Mystery solved! Licorice was pretty much coating herself in the stuff and then coming inside to share the love.
So Otto began spraying the poison ivy in the dog run with poison every day, and of course we closed the gate into the run so that our rotten little pup wouldn’t end up poisoned. This caused Licorice to spend an inordinate amount of time starting at the gate, willing it to open via her laser glare. She was quite annoyed. Then Otto left town for a few days for a work thing, and while he was gone I:
1) bathed the dog,
2) washed all of the bedding and towels in the house,
3) generally cleaned and wiped down all surfaces I thought could be recontaminating anyone.

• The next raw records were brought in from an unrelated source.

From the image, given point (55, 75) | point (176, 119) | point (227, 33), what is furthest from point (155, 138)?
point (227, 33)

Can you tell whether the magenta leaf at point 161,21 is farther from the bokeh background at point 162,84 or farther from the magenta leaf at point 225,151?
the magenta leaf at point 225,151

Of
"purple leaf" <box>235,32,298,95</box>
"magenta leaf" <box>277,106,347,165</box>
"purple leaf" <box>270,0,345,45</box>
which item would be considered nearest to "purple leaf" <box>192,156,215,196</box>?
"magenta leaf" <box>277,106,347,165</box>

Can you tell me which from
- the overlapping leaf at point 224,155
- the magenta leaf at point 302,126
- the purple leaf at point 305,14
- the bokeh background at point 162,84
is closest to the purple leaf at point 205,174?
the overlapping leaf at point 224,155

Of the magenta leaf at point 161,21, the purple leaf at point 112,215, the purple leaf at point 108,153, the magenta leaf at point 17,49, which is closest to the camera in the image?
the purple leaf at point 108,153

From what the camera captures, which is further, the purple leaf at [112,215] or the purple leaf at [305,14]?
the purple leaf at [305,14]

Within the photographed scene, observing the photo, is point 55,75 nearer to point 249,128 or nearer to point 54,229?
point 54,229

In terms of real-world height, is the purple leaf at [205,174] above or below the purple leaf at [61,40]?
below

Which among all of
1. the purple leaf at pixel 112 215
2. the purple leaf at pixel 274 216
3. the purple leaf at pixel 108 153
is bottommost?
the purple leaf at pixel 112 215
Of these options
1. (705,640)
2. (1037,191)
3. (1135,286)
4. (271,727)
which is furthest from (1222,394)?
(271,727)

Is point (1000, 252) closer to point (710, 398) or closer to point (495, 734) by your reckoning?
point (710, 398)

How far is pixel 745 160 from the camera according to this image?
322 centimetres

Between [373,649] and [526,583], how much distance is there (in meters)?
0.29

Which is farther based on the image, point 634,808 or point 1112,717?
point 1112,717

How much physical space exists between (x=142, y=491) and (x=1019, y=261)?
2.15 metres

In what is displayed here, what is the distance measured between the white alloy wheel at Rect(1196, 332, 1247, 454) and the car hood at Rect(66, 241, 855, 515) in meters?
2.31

Now Otto has been to the dermatologist (who said “Oh yeah, that’s poison ivy, here’s some new cream and you must use it every day for a month and then offer up a burnt virgin goat at midnight to complete the ritual”), the poison ivy in the run is gone, and the dog pretty much hates us. Also, the doctor pointed out that probably all of our furniture and rugs are coated in urushiol by now, so GOOD LUCK.
I cannot remember what the point of this story was. Ummmm, maybe it was that we think that’s the end of the poison ivy mystery, but knowing how things go around here, who knows.
And on top of all of THAT, I need a haircut. Tragedy abounds, I tell you. Though if I literally had my intestines pinned to the front of my shirt, I’m thinking no one would notice my giant puffball of no-longer-short-but-not-yet-long-either hair. Something to consider, I suppose.